### Task to complete
Within the listing below, give again exactly the lines between the one containing "thumbnail image 1" and the one containing "Nhất Niệm Vĩnh Hằng 30 trang 9", inclusive, pictures left aside.

### Records supplied
=======

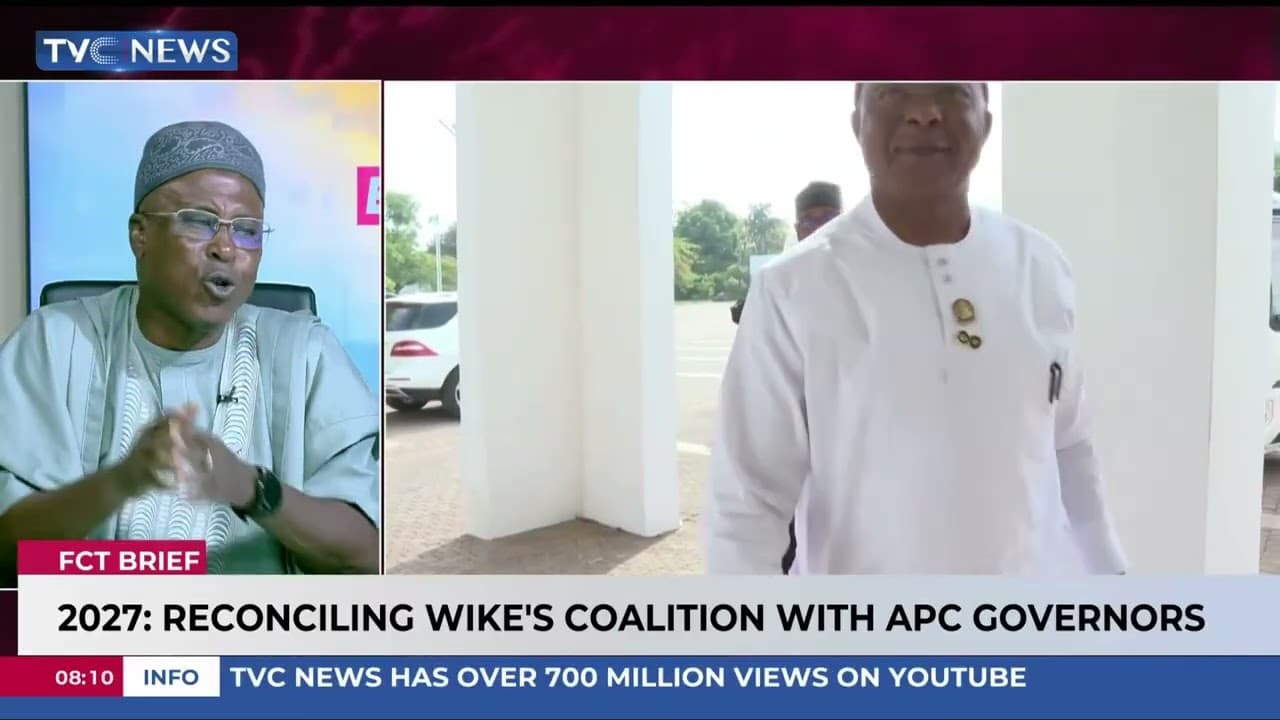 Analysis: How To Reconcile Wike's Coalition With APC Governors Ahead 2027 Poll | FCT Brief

=======

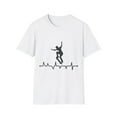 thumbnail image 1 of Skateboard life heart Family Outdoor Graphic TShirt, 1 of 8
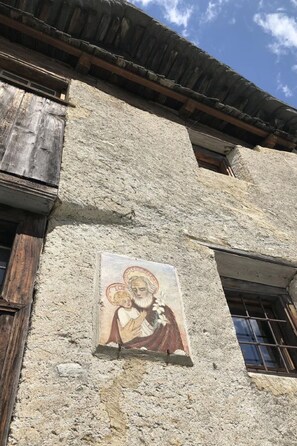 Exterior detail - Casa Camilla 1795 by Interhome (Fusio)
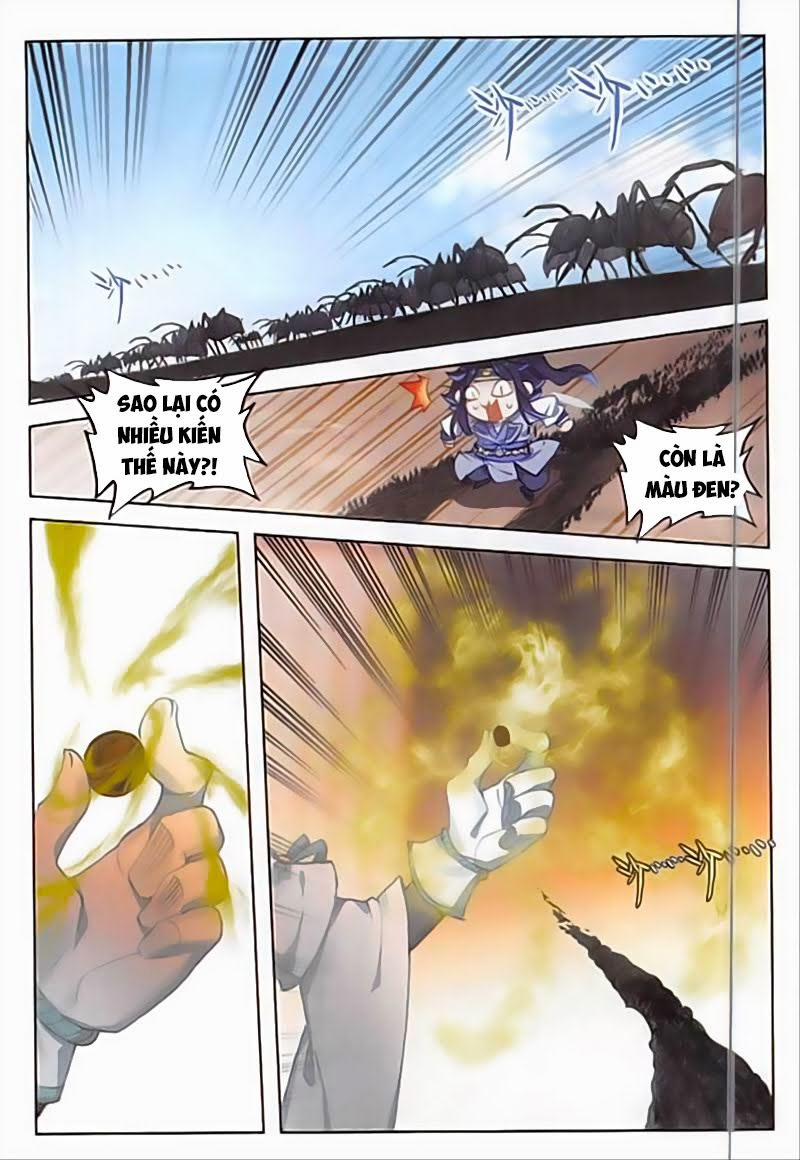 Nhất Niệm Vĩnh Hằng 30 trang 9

=======

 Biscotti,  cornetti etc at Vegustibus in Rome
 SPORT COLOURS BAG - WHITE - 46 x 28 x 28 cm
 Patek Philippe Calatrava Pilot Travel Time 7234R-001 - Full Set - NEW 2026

=======

### Result of the task
 thumbnail image 1 of Skateboard life heart Family Outdoor Graphic TShirt, 1 of 8
 Exterior detail - Casa Camilla 1795 by Interhome (Fusio)
 Nhất Niệm Vĩnh Hằng 30 trang 9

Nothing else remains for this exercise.